- _Problem statement_
Output everything in the listing exactly.

===== Records for this exercise =====

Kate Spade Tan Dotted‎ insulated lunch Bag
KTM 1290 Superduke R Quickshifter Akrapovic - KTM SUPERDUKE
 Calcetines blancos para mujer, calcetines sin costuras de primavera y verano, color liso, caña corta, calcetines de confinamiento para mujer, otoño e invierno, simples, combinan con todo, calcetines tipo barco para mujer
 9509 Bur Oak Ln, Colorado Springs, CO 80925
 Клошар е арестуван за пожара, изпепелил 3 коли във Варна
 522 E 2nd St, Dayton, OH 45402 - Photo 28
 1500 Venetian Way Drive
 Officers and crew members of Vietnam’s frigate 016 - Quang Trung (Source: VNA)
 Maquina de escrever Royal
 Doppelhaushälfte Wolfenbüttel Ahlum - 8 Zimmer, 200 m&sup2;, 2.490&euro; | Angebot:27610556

=====

- _Reply_
Kate Spade Tan Dotted‎ insulated lunch Bag
KTM 1290 Superduke R Quickshifter Akrapovic - KTM SUPERDUKE
 Calcetines blancos para mujer, calcetines sin costuras de primavera y verano, color liso, caña corta, calcetines de confinamiento para mujer, otoño e invierno, simples, combinan con todo, calcetines tipo barco para mujer
 9509 Bur Oak Ln, Colorado Springs, CO 80925
 Клошар е арестуван за пожара, изпепелил 3 коли във Варна
 522 E 2nd St, Dayton, OH 45402 - Photo 28
 1500 Venetian Way Drive
 Officers and crew members of Vietnam’s frigate 016 - Quang Trung (Source: VNA)
 Maquina de escrever Royal
 Doppelhaushälfte Wolfenbüttel Ahlum - 8 Zimmer, 200 m&sup2;, 2.490&euro; | Angebot:27610556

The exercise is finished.